Labor Productivity, 1970–2016 (GDP/hour
                        worked, PPP adjusted 2010 US$)

Key findings

Pros

Labor productivity growth is recognized both by growth theory and developmental practice to be associated with high rates of economic growth.

In most OECD economies, aggregate labor productivity also typically moves procyclically.

One explanation of procyclical labor productivity is that business cycles are driven primarily by systematic economy-wide shifts to total factor productivity.

Procyclical productivity can also reflect labor hoarding, and reduction of labor hoarding can lead to more efficiency, lower prices, and better resource allocation.

One contributor to changing cyclical behavior of labor productivity may be the demise of collective bargaining and rising flexibility of labor markets.

Cons

Short-term labor productivity growth is volatile, depends on a host of factors, and is susceptible to significant measurement error.

Notable exceptions to labor productivity moving procyclically include the US and Spain.

Fundamental difficulties involving measurement of total factor productivity growth may lead to incorrect conclusions about its cyclical behavior.

Procyclical labor productivity can also arise from the need to preserve firms’ human capital in temporary economic downturns.

Increased labor productivity may come at a cost of increased unemployment and loss of worker representation at the workplace.

Author's main message

Labor productivity is the ultimate source of economic well-being in a market-based economy. For most industrial countries and for most of the post-World War II period, labor productivity has been procyclical—moving along with overall economic activity.

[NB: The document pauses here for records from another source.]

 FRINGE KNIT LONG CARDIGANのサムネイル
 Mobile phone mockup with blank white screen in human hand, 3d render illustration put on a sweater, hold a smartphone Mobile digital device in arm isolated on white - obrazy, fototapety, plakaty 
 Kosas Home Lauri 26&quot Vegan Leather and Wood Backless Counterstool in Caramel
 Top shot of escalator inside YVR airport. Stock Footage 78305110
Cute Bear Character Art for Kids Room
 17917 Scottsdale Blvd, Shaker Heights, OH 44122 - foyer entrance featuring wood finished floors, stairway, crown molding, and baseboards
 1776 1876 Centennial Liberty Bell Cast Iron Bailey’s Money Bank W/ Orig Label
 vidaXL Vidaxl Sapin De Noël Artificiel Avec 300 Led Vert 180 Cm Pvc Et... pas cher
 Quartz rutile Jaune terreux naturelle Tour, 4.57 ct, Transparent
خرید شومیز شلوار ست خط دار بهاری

Remarkably, the most prominent exception appears to be the US since the mid-1980s, with a further anomaly being Spain since the death of General Franco in 1975. The common feature of these two countries is a declining influence of collective bargaining institutions and increased flexibility in the labor market.

Motivation

Labor productivity—generally measured as market output (GDP) per hour worked in the market and corrected for changes in purchasing power and possibly for measures of effort—is a necessary, but not sufficient condition for high living standards. Its growth is recognized both by theory and developmental practice to be associated with high rates of economic growth. Some countries may achieve high GDP per capita (such as South Korea) via large sacrifices of leisure time. Labor productivity depends on a host of factors that make it susceptible to significant measurement error. A correct assessment of these factors is crucial for our understanding of how labor markets operate in both the long and short term.

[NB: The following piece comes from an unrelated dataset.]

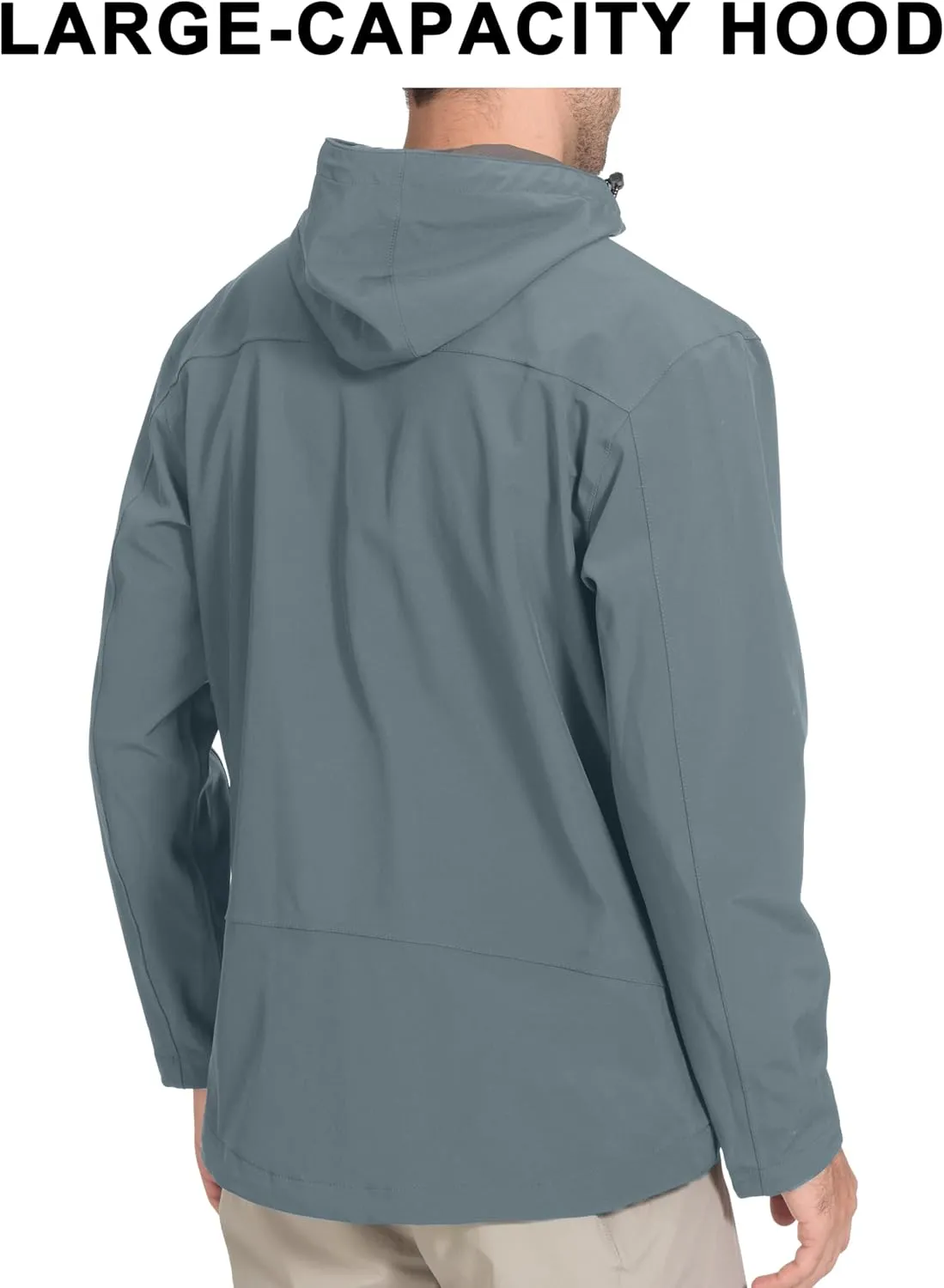 Little Donkey Andy Men's Rain Hiking Jackets Waterproof Windproof Breathable Shell Coats Travel Fishing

Discussion of pros and cons

Labor productivity and long-term prosperity: Theory and evidence

In a market-based economy, labor productivity is the ultimate source of economic well-being. The Illustration displays the evolution of GDP per hour worked since 1970 for different countries, measured in US dollars of constant purchasing power as reported by the OECD. As an aggregate measure, hourly productivity summarizes the market value of labor’s employment to an economy. It measures the average contribution of labor to the generation of goods and services in a society, and is a major factor behind GDP per capita. It is worth stressing that GDP represents not only consumption of private goods per se, but also, more generally, the resources available for better provision of health services, care of the aged and disabled, education, public safety and security, as well as pollution abatement and research and development. Naturally, as an average, aggregate labor productivity masks enormous variation across workers in different workplaces, sectors, and occupations. Yet, as a macroeconomic indicator it is a remarkably reliable sign of a nation’s prosperity as well as its international competitiveness.

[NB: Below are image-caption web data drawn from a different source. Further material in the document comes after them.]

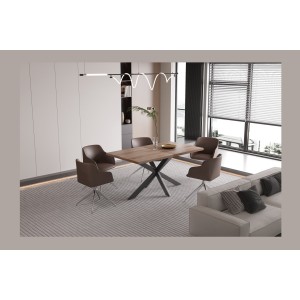 Table extensible KALVANO – 160 à 200 cm – Chêne foncé – Plateau 40 mm – Design contemporain 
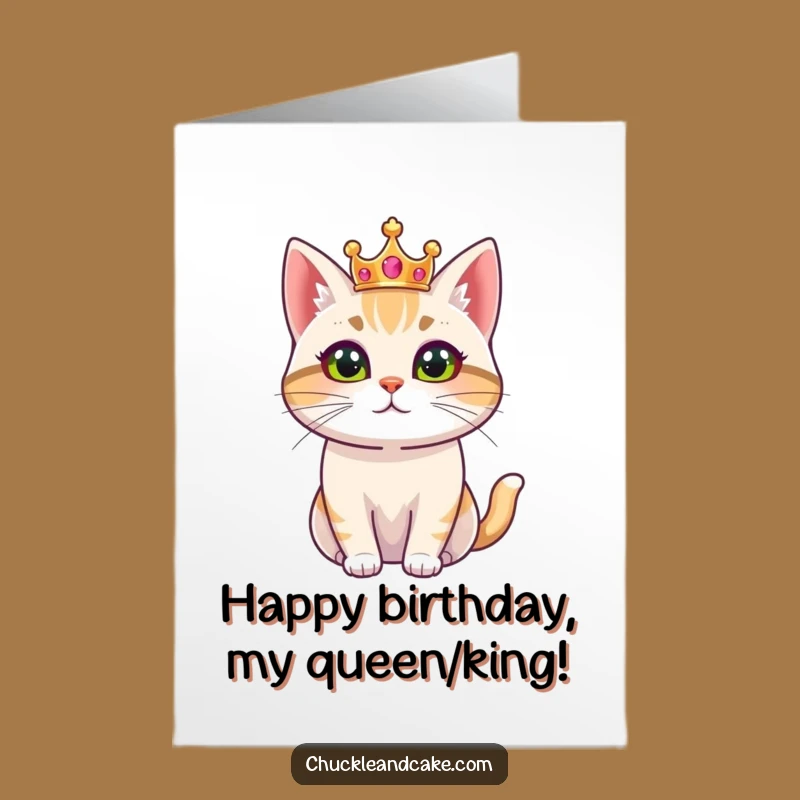 Free Printable Royal Cat Birthday Card: Funny Crowned Bobtail Gift, Instant Download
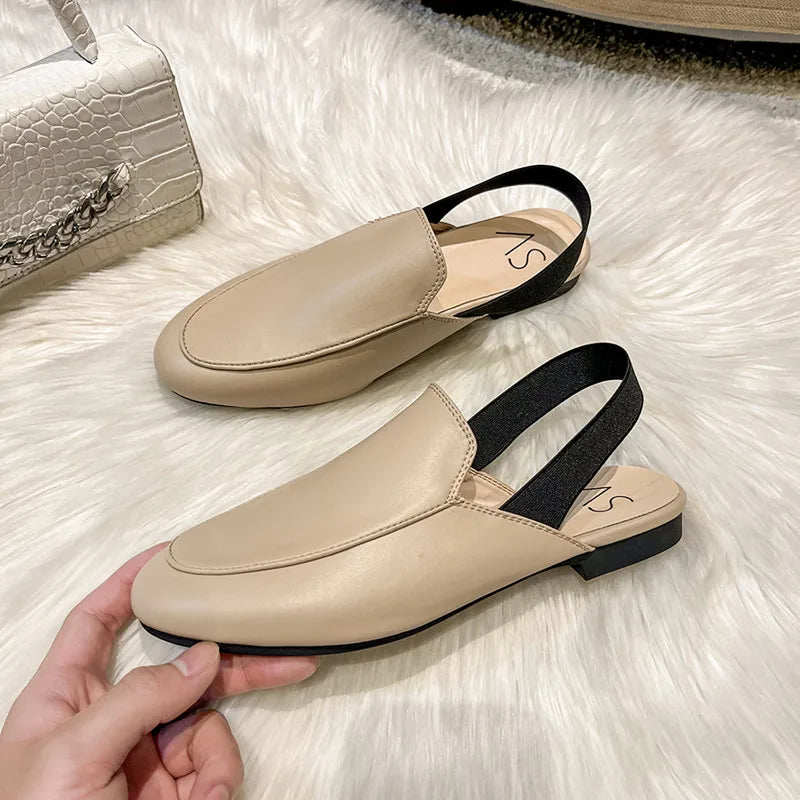 Rear elastic belt half slippers women summer wear Muller shoes 2023 new flat sandals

Labor productivity is obviously influenced by a given region’s workers or residents, but is also the outcome of conscious decisions on the part of a whole host of other economic actors. For that reason, economists consider labor productivity to be an endogenous variable—it is determined jointly with many other economic outcomes. At the most basic level, the willingness of workers to work for a wage will influence labor productivity. In countries or regions where workers are in desperate need of economic resources, labor input per person will tend to be higher; as a result, marginal (and average) productivity will tend to be lower. At the same time, holding workers’ willingness to work constant, complementary factors of production such as physical capital, acquired skills, and intellectual property are known to increase labor productivity. Workers outfitted with more or better equipment are more productive than those without. Employees who have experienced some higher education or have participated in vocational training will tend to be more effective in the workplace than those without. Employees working with or for companies with proprietary brands will generate more value added than those producing standardized or intermediate input goods. Just as important, policy decisions taken in the past regarding the provision of productivity-enhancing public goods such as transport infrastructure, educational facilities and standards, communication networks, and health systems also matter for labor productivity. These factors can enhance the effectiveness of labor—and of capital—by increasing total factor productivity. Total factor productivity—sometimes called multi-factor productivity—is defined as the common effectiveness of all inputs in production, when their levels are held constant.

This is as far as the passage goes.